Once the package is installed, initialize the container using C#

using Testcontainers.MongoDb;

var username = "mongo_username";
var password = "mongo_password";
MongoDbContainer container = new MongoDbBuilder()
    .WithImage("mongodb/mongodb-atlas-local")
    .WithUsername(username)
    .WithPassword(password)
    .WithEnvironment("MONGODB_INITDB_ROOT_USERNAME", username)
    .WithEnvironment("MONGODB_INITDB_ROOT_PASSWORD", password)
    .Build();

await container.StartAsync();
...
await container.StopAsync();

This code is quite self-explanatory: it tells MongoDbBuilder (the Testcontainers implementation for MongoDB) to download the Atlas local Docker image and initialize it with a specific admin user for the database.
Then it starts the container and, at the end, it stops.

Note that the code is setting directly the credentials both via the specific fluent API and through the environment variables.
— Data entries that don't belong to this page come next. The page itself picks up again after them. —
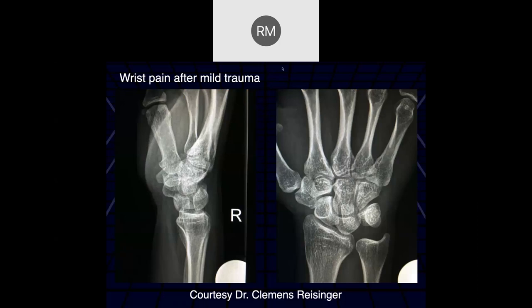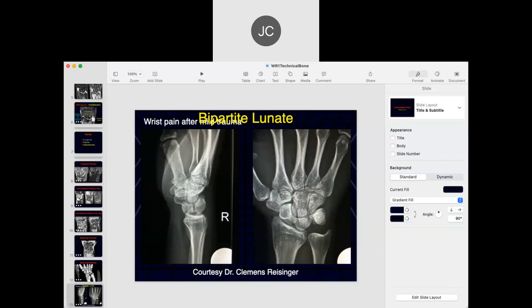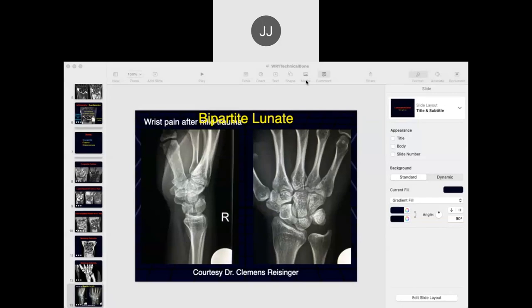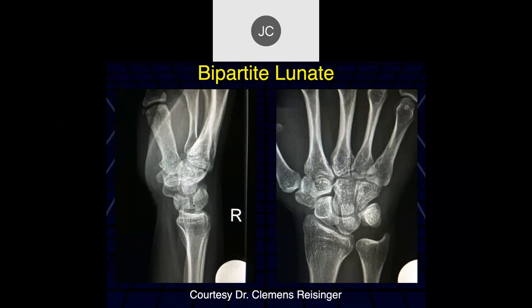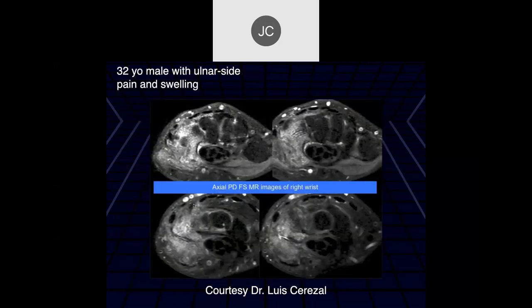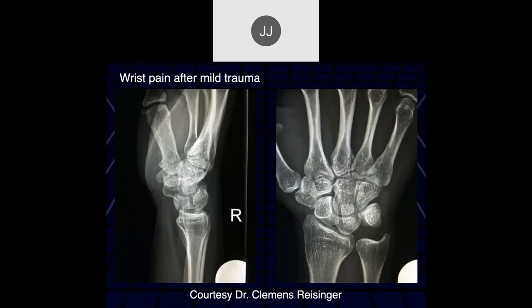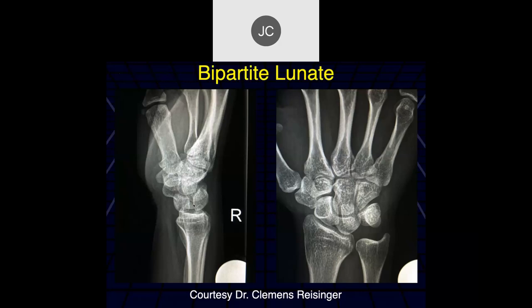Wrist pain after mild trauma — no fracture, but a little negative ulnar variance on the sagittal lunate. Here we can see the bipartite lunate with sclerotic margins on either side. This is another rare congenital variant. The patient is an adult, though the exact age is unknown.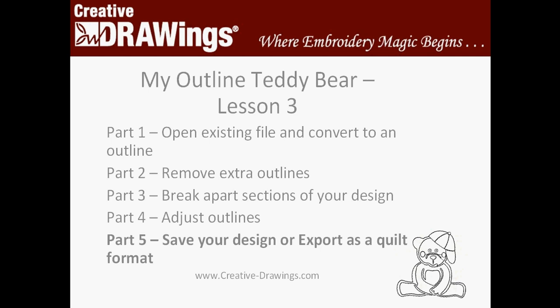We're at part five of lesson three, and that's saving your design. We've already saved a design before, but this time we're going to do something special and export as a quilt format. Let's get ready and finish up our outline teddy bear.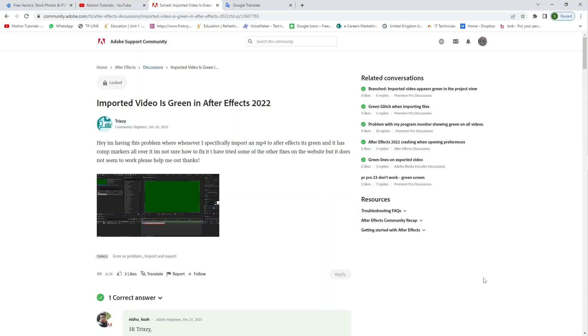Hello friends, I am Simpu from Motion Tutorials and today I'm going to show you how to fix this basic common error in After Effects. So here is the first basic common error you face every time.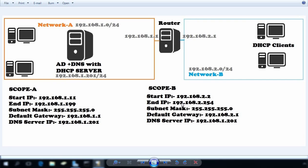Here is our lab scenario. This is our DHCP server with the IP address 192.168.1.201 and this is network A. The subnet A is 192.168.1.0/24. Here we have network B and the network range is 192.168.2.0/24. This is our router — actually a Windows Server 2016 computer — and on that server we have two network interface cards. One NIC has the IP 192.168.1.1, which is the gateway for network A, and on the second NIC we have 192.168.2.1, which acts as the gateway for network B.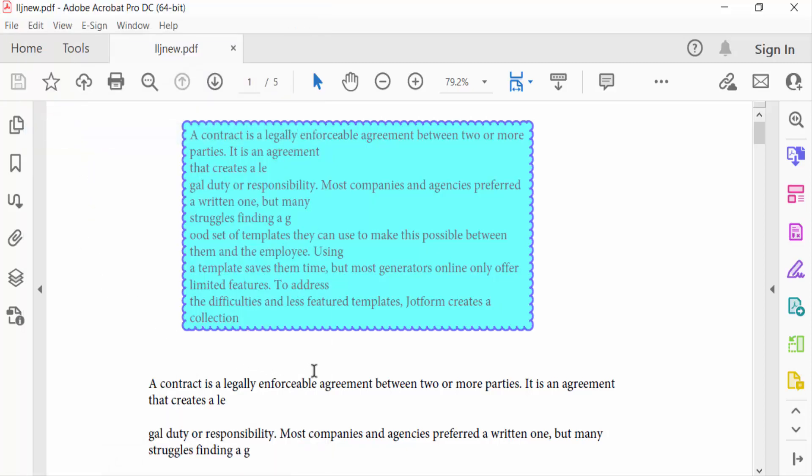So viewers, this is the way to add border in any text box in your PDF document. I hope you enjoyed this video. Thanks for watching and don't forget to subscribe my channel. Thank you.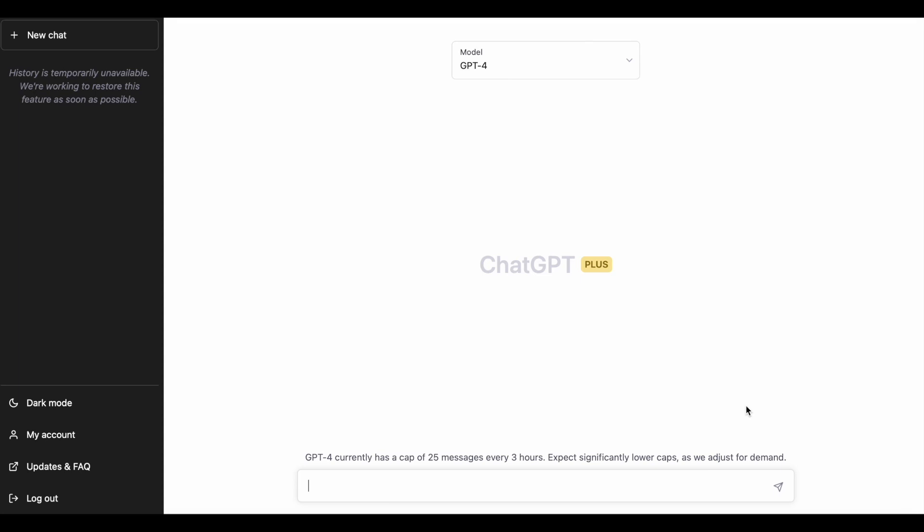GPT-4 is here and it's the updated version of the model powering ChatGPT. In this video, I'm going to show you how GPT-4 is capable of doing actual data analysis and extract useful information from raw data.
This is because atlas-local requires these specific variables to have a proper user setup.

By running this code, right after the container is started, on Docker Desktop, we’ll see that there are two new running containers:

Running containers

One is testcontainers/ryuk which is the container used by Testcontainers to manage the other containers. It also takes care of disposing of them when they are disposed of. As a last thing, when Testcontainers is disposed of, it removes itself.
The other one is the atlas-local container.

Because this code uses the MongoDB package, the API provides methods to get some basic information, like the database connection string:

var connectionString = container.GetConnectionString();

With this, it is then possible to instantiate MongoClinet to connect to the database.

Full-Text Search Index

There are a couple of ways the index can be created.
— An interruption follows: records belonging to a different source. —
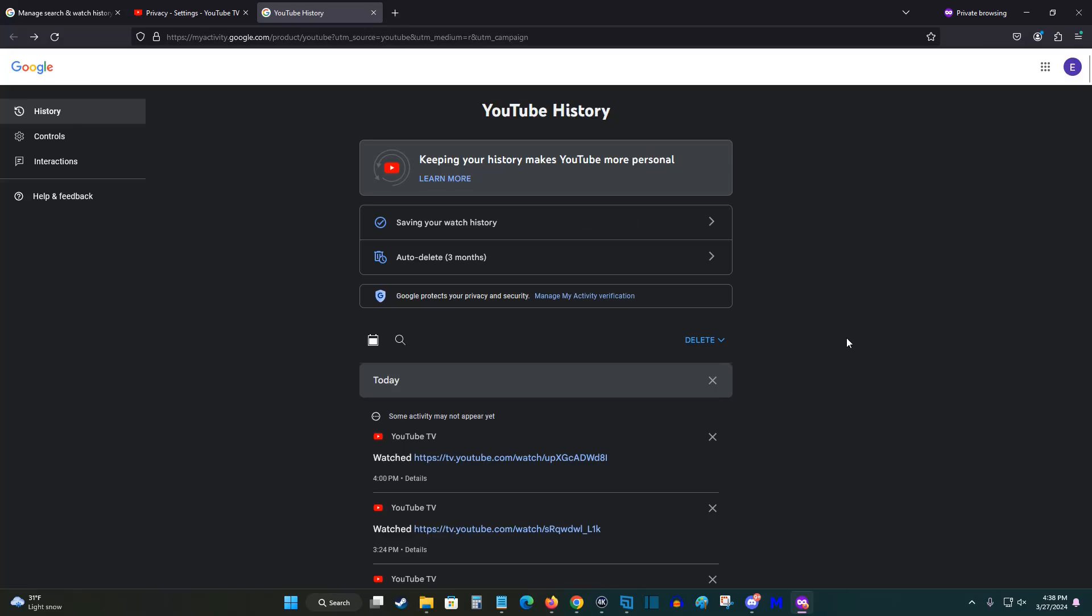You can also delete large batches of things by clicking here where it says delete, and then you can delete just today, you can delete a custom range, or you can delete everything that's ever been saved.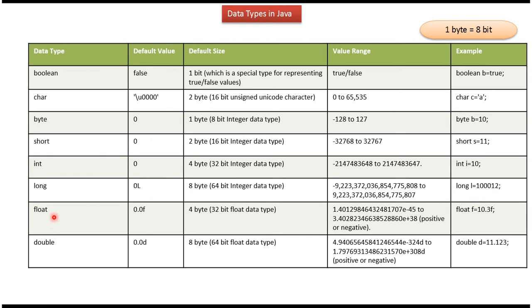Float: default value is 0.0F, default size is 4 bytes. Here you can see the range and the example.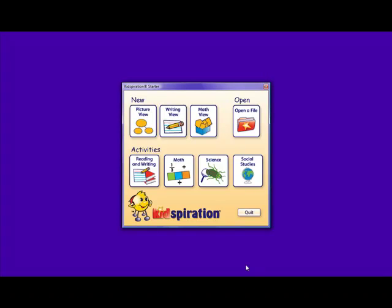We are Stephanie and Heather, and this is going to be a review of Kidspiration, which is a concept mapping tool used for multiple subjects in elementary grades, kindergarten through six.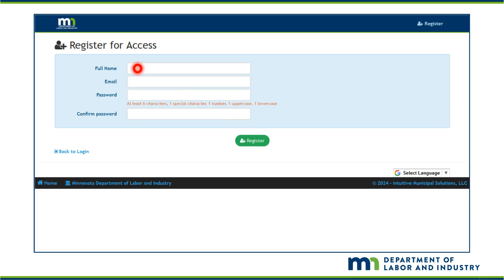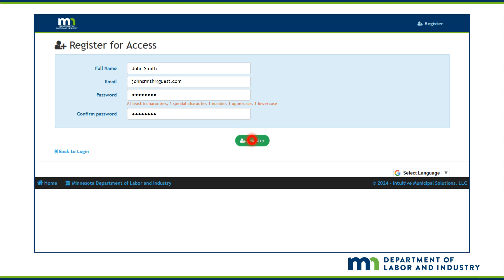On the Register for Access page, add the requested information. If you are creating a personal account, list your name and email address. If you will be using this account for submitting plan reviews, consider a more generic name and email address that multiple people can access. This will let others check on the status of plan reviews and provide additional information if necessary.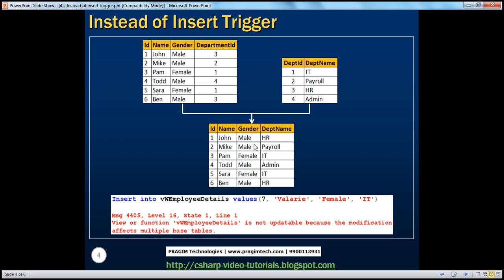Now let's say when I try to insert a row into this view. The view has four columns: ID, name, gender, and department name. The values we are supplying are ID, name is Valerie, gender is female, and the department name is IT.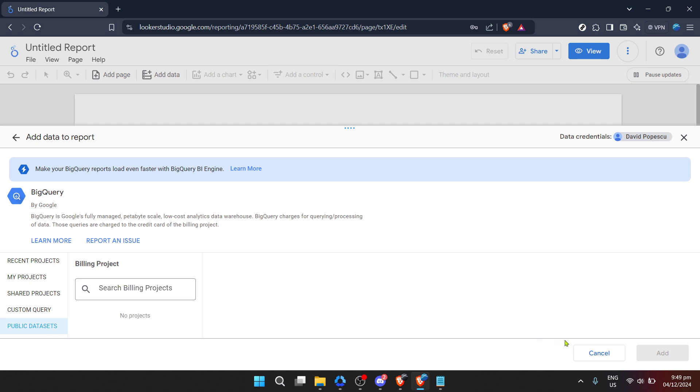After selecting BigQuery, you'll need to authorize the connection. Click on authorize to grant Looker Studio permission to access your BigQuery data. This step is all about security, ensuring that only you and those you authorize can access your valuable data.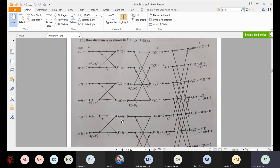For the second stage (4-point), I draw cross lines: first to third line, and second to fourth line. Each butterfly gives A plus B times W_N to the power of R and A minus B times W_N to the power of R. Since it is 4-point, the twiddle factors are W4 to the power of 0 and W4 to the power of 1. Note that W4 to the power of 0 equals W8 to the power of 0, and W4 to the power of 1 equals W8 to the power of 2.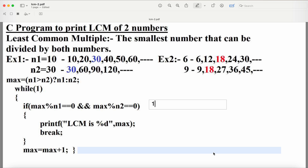Next, while(1) — the condition is always true, making it an infinite while loop. The maximum number is 30. We check: max modulo n1 — that is 30 modulo 10 — equals zero, so the first condition is true. Then using the logical AND operator, when both conditions are true, the body executes. So 30 modulo n2 (which is 30) is also zero — that condition is also true.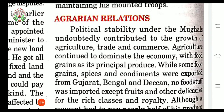We will study about agrarian relations. In the Mughal period, political stability contributed to the growth of agriculture, trade and commerce. Trade and commerce means activities related to buying and selling of goods. As agriculture was the main source of revenue, it continued to dominate the economy. Dominate means to control.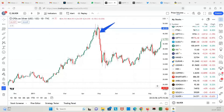Good evening, this is Shivaji. I welcome you all to the 'Analyze With Me' session 5. Today we will start our discussion with the silver chart. Before I go forward, I want to show you some interesting data points.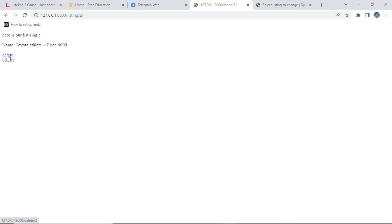Everything looks good — we can update, we can delete, and as you can see we are now able to create, update, delete, and view our particular listing. This is how you can do it. Next we are going to talk about how to deal with images — integrating images into our listing. I'm reminding you again: if you are new here, please subscribe, like, and share this content. Hope to see you in the image section.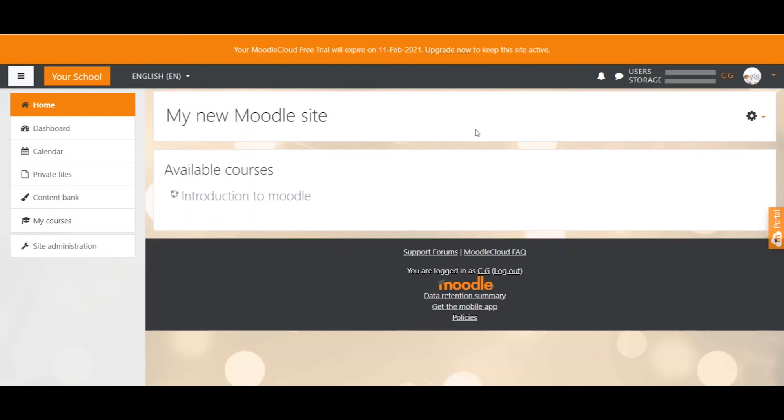Welcome everybody. In the next two videos we will learn how to create courses and set up course categories so that you have a nice structure for all your beautiful courses.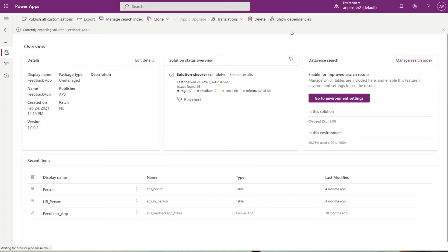You'll see this gray ribbon at the top saying that it's currently exporting your solution. Once your solution is successfully exported, a green ribbon will pop up instead.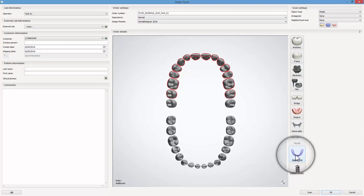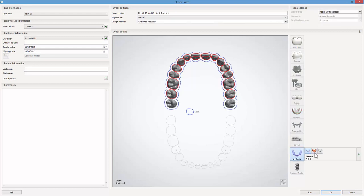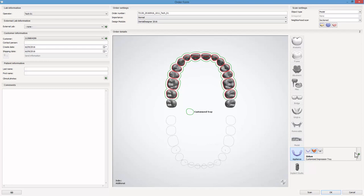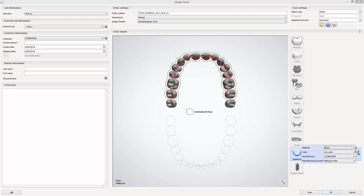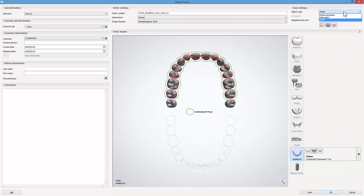Click the appliance button and then the customized impression tray button. Now choose the material type. Remember to select the appropriate object type for the order, either Impression or Plaster Model.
With an instance of MongoClient, it would be enough to get an instance that the collection and apply the index to it using C#

collection.SearchIndexes.CreateOneAsync(....)

However, it is common to have the structure of the index in a separate JSON file and have it created by a deployment pipeline or by a person who administers the database.
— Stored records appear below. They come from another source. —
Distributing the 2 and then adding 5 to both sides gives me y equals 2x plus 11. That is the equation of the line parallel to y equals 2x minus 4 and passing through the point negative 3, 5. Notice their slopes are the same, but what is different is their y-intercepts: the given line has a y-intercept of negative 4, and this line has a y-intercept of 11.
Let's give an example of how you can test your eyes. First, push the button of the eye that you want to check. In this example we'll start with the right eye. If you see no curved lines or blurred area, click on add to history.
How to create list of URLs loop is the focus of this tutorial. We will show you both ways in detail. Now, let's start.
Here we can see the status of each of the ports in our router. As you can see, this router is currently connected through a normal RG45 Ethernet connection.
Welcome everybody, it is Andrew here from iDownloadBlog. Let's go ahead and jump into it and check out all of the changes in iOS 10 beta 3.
Suppose that the structure of the index in a file indexes\text.json.

To create the index, it is possible to just run mongosh inside the container with this code.

 var indexScript = await File.ReadAllTextAsync(indexFilePath);
 var name = collection.CollectionNamespace.CollectionName;
 var command = new[]
 {
     "mongosh",
     "--username", _username,
     "--password", _password,
     "--quiet",
     "--eval",
     $"db.{name}.createSearchIndex('{indexName}',{indexScript})"
 };
 var result = await Container.ExecAsync(command);

 Console.WriteLine(result.Stdout);
 Console.WriteLine(result.Stderr);
  • Reads the JSON file with the structure of the index

  • Retrieves the name of the collection

  • Builds the mongosh script to execute (using the createSearchIndex command).

  • Prints the output of the command: standard out and standard err

This is quite simple.

Mind that, the index creation is not an instant process.
Even if the output of the command is the name of the index, it does not mean it is ready to use. This could require some seconds, depending on the hosting machine.
To monitor the status of this process:

var index = await collection.SearchIndexes.ListAsync(indexName);
var first = await ind.FirstOrDefaultAsync();
var s = TryGetValue<string>(first, "status");
Console.WriteLine(s);

This code gets the specific index from the available indexes and prints its status.
The SearchIndexes operation returns a BsonDocument. To retrieve the status property, the code uses the TryGetValue method.

private static T? TryGetValue<T>(BsonDocument document, string name)
{
    if (!document.TryGetValue(name, out var value))
    {
        return default;
    }

    var result = BsonTypeMapper.MapToDotNetValue(value);
    return (T)result;
}

With this information, it is possible to code a utility method that checks if the index is READY or in any other status.

Vector Search Index

The steps to create a vector search index and check for its status are the same as the ones used for the full-text search index.

var indexScript = await File.ReadAllTextAsync(indexFilePath);
var name = collection.CollectionNamespace.CollectionName;
var command = new[]
{
    "mongosh",
    "--username", _username,
    "--password", _password,
    "--quiet",
    "--eval",
    $"db.{name}.createSearchIndex('{indexName}','vectorSearch',{indexScript})"
};
var result = await Container.ExecAsync(command);

Console.WriteLine(result.Stdout);
Console.WriteLine(result.Stderr);

The only difference with the full-text search index is that the createSearchIndex uses the vectorSearch parameter to pass the specific index type.

Dispose

Keep in mind of disposing of the resources used in the code.

mongoClient.Dispose();
await container.StopAsync();
await container.DisposeAsync();

Stop the specific container in use and call the Dispose method to let Tescontainers (the ryuk container) free all the resources.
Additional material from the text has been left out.